Excerpted data:
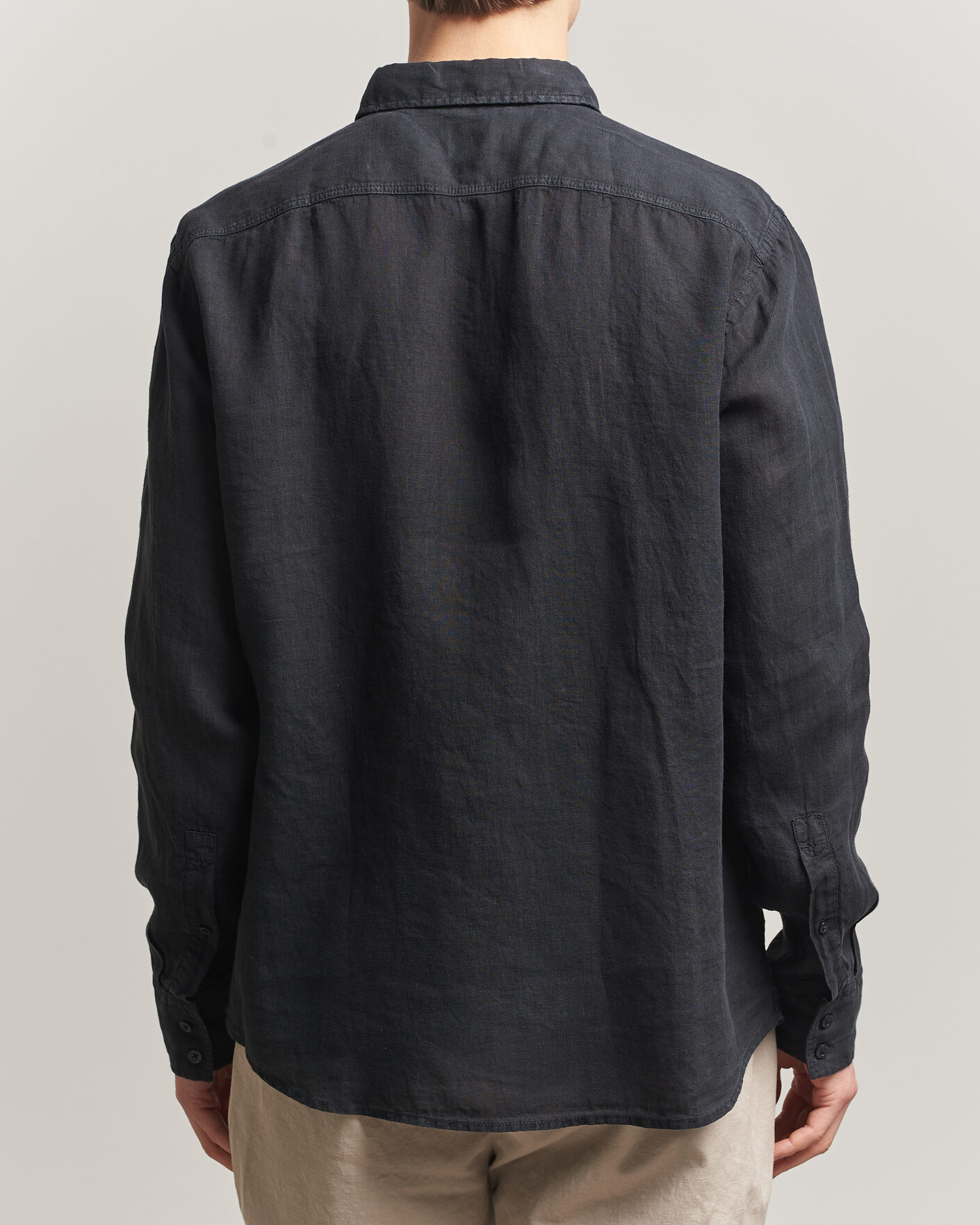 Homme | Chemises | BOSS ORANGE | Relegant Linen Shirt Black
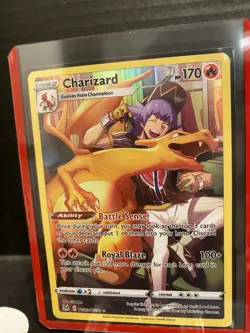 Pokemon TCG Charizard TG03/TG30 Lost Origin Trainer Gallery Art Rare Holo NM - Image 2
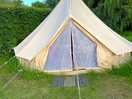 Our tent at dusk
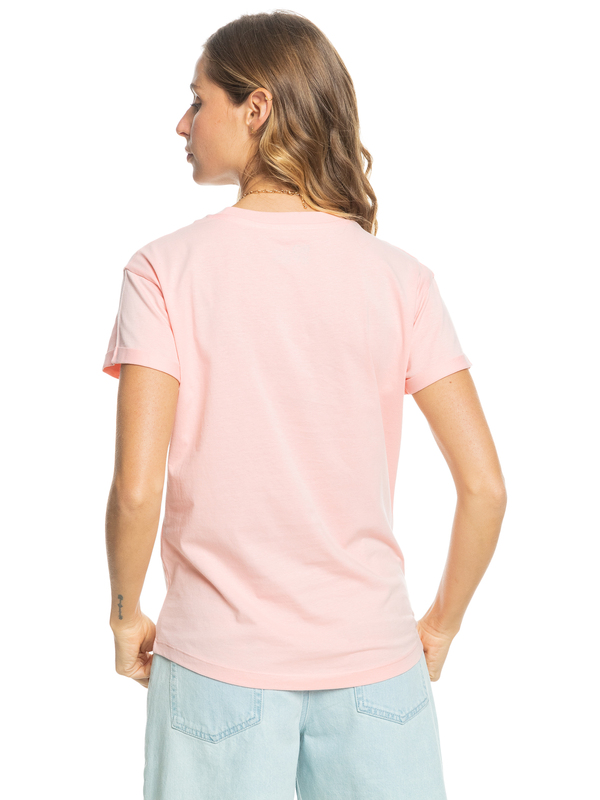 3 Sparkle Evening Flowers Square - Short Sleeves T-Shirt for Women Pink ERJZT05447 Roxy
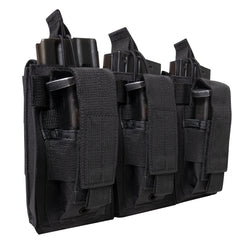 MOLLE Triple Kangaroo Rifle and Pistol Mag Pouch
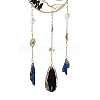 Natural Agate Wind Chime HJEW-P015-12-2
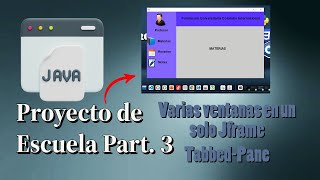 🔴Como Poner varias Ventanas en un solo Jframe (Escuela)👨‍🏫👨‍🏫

Your assignment:
Every line of the data above should be quoted exactly. Omit the pictures.

Solution to this problem:
 Homme | Chemises | BOSS ORANGE | Relegant Linen Shirt Black
 Pokemon TCG Charizard TG03/TG30 Lost Origin Trainer Gallery Art Rare Holo NM - Image 2
 Our tent at dusk
 3 Sparkle Evening Flowers Square - Short Sleeves T-Shirt for Women Pink ERJZT05447 Roxy
 MOLLE Triple Kangaroo Rifle and Pistol Mag Pouch
 Natural Agate Wind Chime HJEW-P015-12-2
 🔴Como Poner varias Ventanas en un solo Jframe (Escuela)👨‍🏫👨‍🏫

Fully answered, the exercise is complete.